Pourquoi avez-vous rejoint le réseau ?
En 2012, lorsque le réseau a été créé, j’avais écrit « pour ma fille ». Je souhaitais montrer l’exemple, montrer qu’ensemble on est plus fortes, pour l’esprit d’entraide.
Y-a-t-il une action accomplie par le SNCF au Féminin dont vous êtes la plus fière ?
Il y en a beaucoup ! Je dirais que l’une de nos réussites les plus symboliques a été d’apporter des vêtements adaptés aux morphologies féminines pour les femmes travaillant dans les métiers techniques.
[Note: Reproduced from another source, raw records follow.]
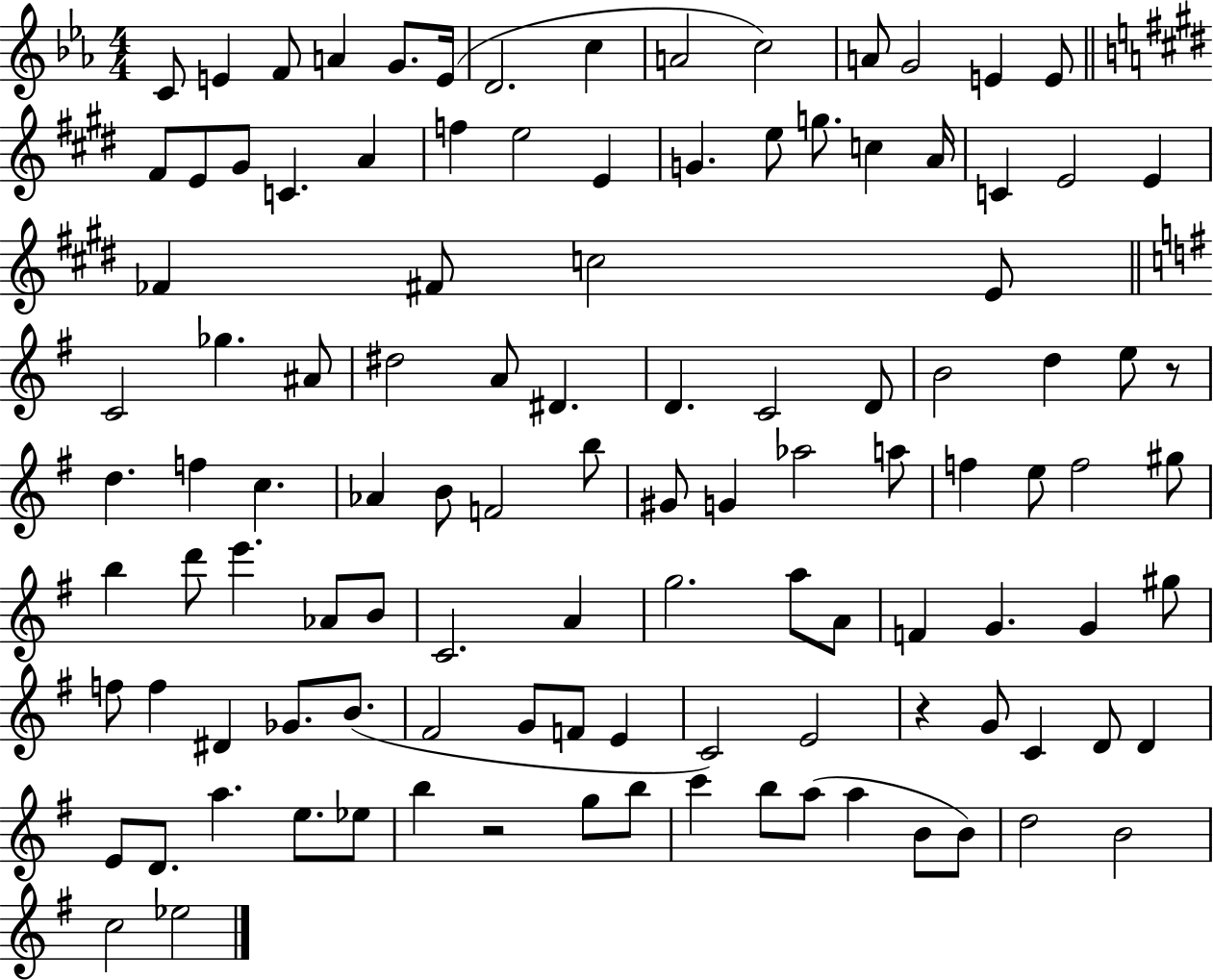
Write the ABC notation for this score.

X:1
T:Untitled
M:4/4
L:1/4
K:Eb
C/2 E F/2 A G/2 E/4 D2 c A2 c2 A/2 G2 E E/2 ^F/2 E/2 ^G/2 C A f e2 E G e/2 g/2 c A/4 C E2 E _F ^F/2 c2 E/2 C2 _g ^A/2 ^d2 A/2 ^D D C2 D/2 B2 d e/2 z/2 d f c _A B/2 F2 b/2 ^G/2 G _a2 a/2 f e/2 f2 ^g/2 b d'/2 e' _A/2 B/2 C2 A g2 a/2 A/2 F G G ^g/2 f/2 f ^D _G/2 B/2 ^F2 G/2 F/2 E C2 E2 z G/2 C D/2 D E/2 D/2 a e/2 _e/2 b z2 g/2 b/2 c' b/2 a/2 a B/2 B/2 d2 B2 c2 _e2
Nous sommes une entreprise industrielle, et jusqu’en 2018 il n’existait pas de vêtements de protection, de haute visibilité en dessous des tailles 40/42. Les femmes concernées n’osaient pas en parler. Le réseau a permis de faire remonter ce problème et d’y trouver une solution dans un climat serein et un dialogue constructif.
Nous avons aussi permis de faire émerger les questions autour du sexisme dans l’entreprise. Aujourd’hui nous en sommes à la troisième édition d’un baromètres dessus dans l’entreprise. Guillaume Pépy nous a également demandé de rédiger un guide sur le sexisme dans l’entreprise. C’est un sujet important et qui permet d’ouvrir des portes sur des sujets plus large comme les discriminations dans l’emploi…
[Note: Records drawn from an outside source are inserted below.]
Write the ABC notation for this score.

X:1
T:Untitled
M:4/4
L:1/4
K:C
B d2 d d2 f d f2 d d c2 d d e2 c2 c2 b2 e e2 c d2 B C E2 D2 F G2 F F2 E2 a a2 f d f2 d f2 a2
Avez-vous des collaborations, des projets avec d’autres réseaux ou d’autres organisations ?
Nous avons la chance d’être le plus grand réseau de mixité en France car on nous a donné les moyens de le devenir. Nous sommes souvent sollicité.e.s par des patrons pour venir nous présenter, expliquer nos actions et notre fonctionnement.
On travaille également beaucoup avec d’autres réseaux. Avec EDF nous avons lancé un méta-réseau afin de faire bénéficier au plus grand nombre des avancées de nos structures.
Par exemple, en ce moment, nous sommes dans une étude interentreprise : la parentalité dans la gestion de carrière. Au début c’est une étude qui était portée par EDF, mais y penser à plusieurs permet d’objectiver le sujet, de prendre du recul et d’avoir de la matière pour être force de propositions pour des projets de lois. On favorise ces moments d’échanges avec les autres groupes à Paris mais aussi localement.
Nous avons réalisé un film sur SNCF au Féminin et plutôt que d’en faire un film classique corporate, un réalisateur a tourné pendant 8 mois auprès de femmes engagées dans le réseau. Cela a permis de montrer ce que ces femmes avaient eu comme chemins, ce que leur appartenance à SNCF au Féminin avait changé pour elles. C’est un très beau film. Nous n’avions pas saisi la portée universelle de ce documentaire jusqu’à ce qu’on le montre à d’autres réseaux. C’est un documentaire qui donne la parole, qui est doux, qui n’accuse personne. Nous l’avons projeté au sein de nombreuses autres entreprises que la nôtre, il sort des frontières. Après la projection il y a des temps d’échanges qui sont souvent d’une grande qualité.
Quel est l’apport selon vous de ce type de réseaux ?
L’Empowerment. J’aime bien ce mot car il contient la notion de « donner le pouvoir ». Ce type de réseau peut déclencher des prises de conscience, des envies qui n’auraient pas forcément vu le jour sinon. Avec ces réseaux on ne subit pas sa vie professionnelle, on la prend en main, on a moins peur, on ose demander, on ose faire. Et si moi j’y arrive, si moi je le fais, je vais donner envie à d’autres.
On est positionné.e.s pour que l’entreprise continue d’avancer. Je ne dis pas qu’on réussit tout, je sais d’où l’on vient, mais on avance. Cela a aussi décomplexé la DRH qui se permet aussi de demander plus, d’aller plus loin. Néanmoins il faut toujours montrer la valeur produite, à quoi on sert afin que l’on ne puisse pas nous balayer du jour au lendemain.